Bei einer Reha-Maßnahme wurde Ulrikes Talent für das Malen entdeckt. Sie schloss sich einer Künstlergruppe an und beteiligte sich an Ausstellungen. Ihre Bilder zeichnen sich durch Kreativität und Vielfalt aus. Lachend erzählt sie von einer besonderen künstlerischen Spezialität: „Bei Künstlerreisen an die Nordsee werfen wir manchmal die Leinwand in den nassen Sand; dabei entstehen wunderschöne Bilder!“ Schon mancher hat ein Gemälde von Ulrike erworben und hat jetzt einen „echten Hormann“ im Wohnzimmer hängen. Fahrradfahren ist ein weiteres Hobby.
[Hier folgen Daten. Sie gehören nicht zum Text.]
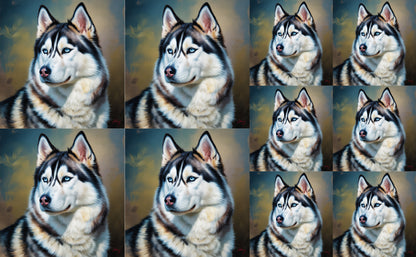 DecoCraft - Scenic Tiles Series - Oil Painting Pets - Husky
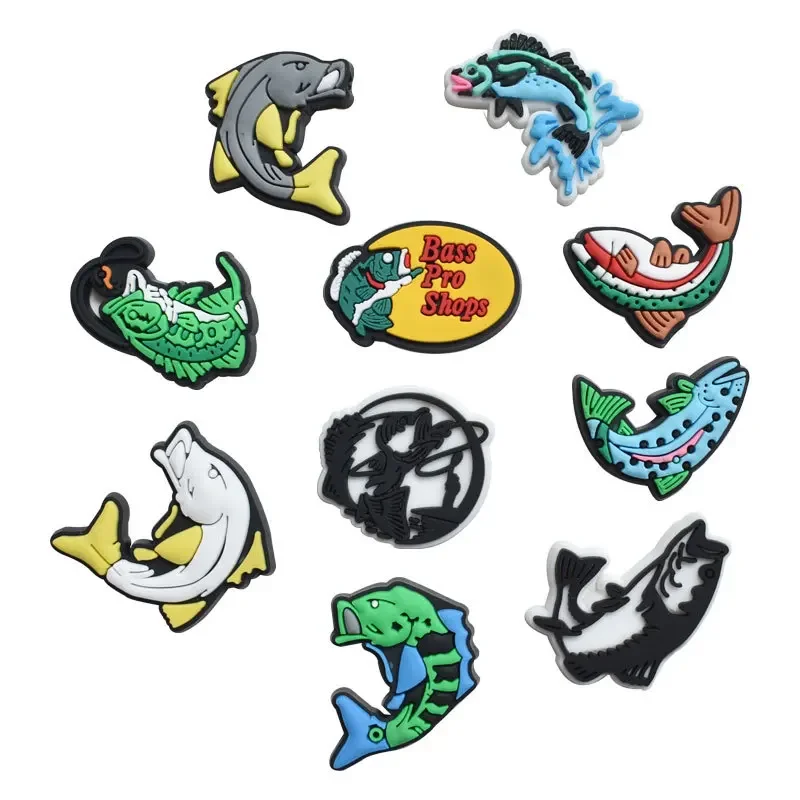 2/10pcs PVC soft fish characters shoe charms buckles decorations for clog wristbands sandals carton accessories kids boys party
Seit knapp einem Jahr hat Ulrike ein Elektrodreirad. Und weil sie das, was sie tut, mit Einsatz macht, hat sie bereits über 2.800 Kilometer auf dem Fahrrad zurückgelegt.

Auf die Frage, welche Tipps es für den Umgang mit Menschen mit Beeinträchtigungen gibt, hat Ulrike eine prompte Antwort: „Jeder Mensch ist ein Kind Gottes und hat das Recht, respektvoll behandelt zu werden. Wie jeder andere möchte ein behinderter Mensch beachtet und ernst genommen werden und wünscht sich ein Höchstmaß an Eigenständigkeit und Selbstbestimmung.“ Besser hätte man es nicht ausdrücken können.